2

Is there a way to search for 2 or more spaces in a row between letters, using findstr from the Windows command line?

Example:

Hello world!  - nomatch wanted
Hello  world! - match wanted

What is regular expression syntax?

Also, can you please help me to understand the following command line session (difference between [ ] and [ ]*; the second command returns nothing):

c:\1>findstr -i -r  "view[ ]*data.sub" "view data sub.acf"
View Data Sub.ACF:            "].DATE_STAMP)>=[Forms]![MainNav]![View Data Sub]"
View Data Sub.ACF:            "].DATE_STAMP)<[Forms]![MainNav]![View Data Sub]"

c:\1>findstr -i -r  "view[ ]data.sub" "view data sub.acf"

c:\1>

PS: Just curious; I know about awk, perl, C# etc., but what about findstr?

tshepang
  • 12,111
  • 21
  • 91
  • 136
user1380142
  • 31
  • 1
  • 2
  • 6

2 Answers2

4

If you just want to find two consecutive spaces:

findstr /C:"  " input.txt

Or in a case-insensitive regular expression:

findstr /R /I /C:"lo  wo" input.txt

The important bit is the /C: in front of the pattern. This tells findstr to treat the pattern as a literal string. Without it, findstr splits the pattern into multiple patterns at spaces. Which, in my experience, is never what you want.

Update

To do two or more spaces between letters:

findstr /R /I /C:"[a-z]   *[a-z]" input.txt

Note that there are three spaces in the pattern. This matches a letter, two spaces followed by zero or more spaces (i.e. two or more spaces) and another letter.

arx
  • 16,686
  • 2
  • 44
  • 61
  • In fact I need to detect 2 **or more** spaces between "words". I know `findstr` pretty well. What I don't know is whether a trick exists to use it for a problem I've just described. (IMHO, instead of using "c:" switch, we can always use simple old kind `find`, not `findstr`) – user1380142 May 07 '12 at 22:26
  • @user1380142: find doesn't do regular expressions, as far as I know. – Harry Johnston May 08 '12 at 05:46
  • The answer works as written, but be careful with regex character class ranges. They do not work the way you think. `[a-z]` matches all upper and lower alpha characters (including non-English diacriticals) except for `Z`, even if the search is case sensitive. An equivalent search without the `/I` option would be `findstr /R /C:"[a-zZ] *[a-zZ]" input.txt`. See the section titled "Regex character class ranges [x-y]" near the bottom of http://stackoverflow.com/a/8844873/1012053 for more info. – dbenham Jun 07 '12 at 02:36
0

To find two or more consecutive spaces between letters:

C:\Users\harry> findstr /i /r /c:"o  [ ]*w" test.txt
Hello  world!
Hello   world!

Translation: match lines containing 'o', two spaces, zero or more spaces, 'w'. (The square brackets are redundant, but add clarity.) Presumably, you already know that findstr /? will give you a summary of the regular expression syntax?
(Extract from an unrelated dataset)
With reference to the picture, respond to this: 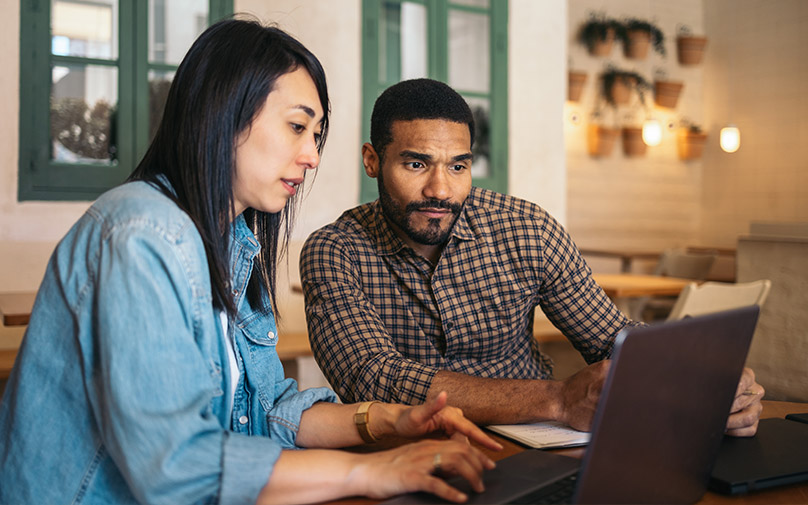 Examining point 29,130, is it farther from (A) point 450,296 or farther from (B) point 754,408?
(B) point 754,408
As for the second part of your question: as arx already pointed out, the reason you aren't getting the results you expect is that you aren't using the /C flag. Consider your first command:

findstr -i -r  "view[ ]*data.sub" "view data sub.acf"

This is interpreted as a search for any line matching either of two regular expressions, view[ and ]*data.sub. I've done some experiments and I believe the first regex is either being discarded as improperly formed, or interpreted as requiring a match from an empty set of characters. The second regex is interpreted as follows: zero or more of ']', 'data', one arbitrary character, 'sub'. As it happens, this happens to match the same lines as the single regex you thought you were using. Not so when you take away the asterisk:

findstr -i -r  "view[ ]data.sub" "view data sub.acf"

Now the second regex is interpreted as follows: exactly one ']', 'data', one arbitrary character, 'sub'. Since the string ']data' does not occur in your text, none of the lines match. Instead, you should specify /c:

findstr /i /r /c:"view[ ]data.sub" "view data sub.acf"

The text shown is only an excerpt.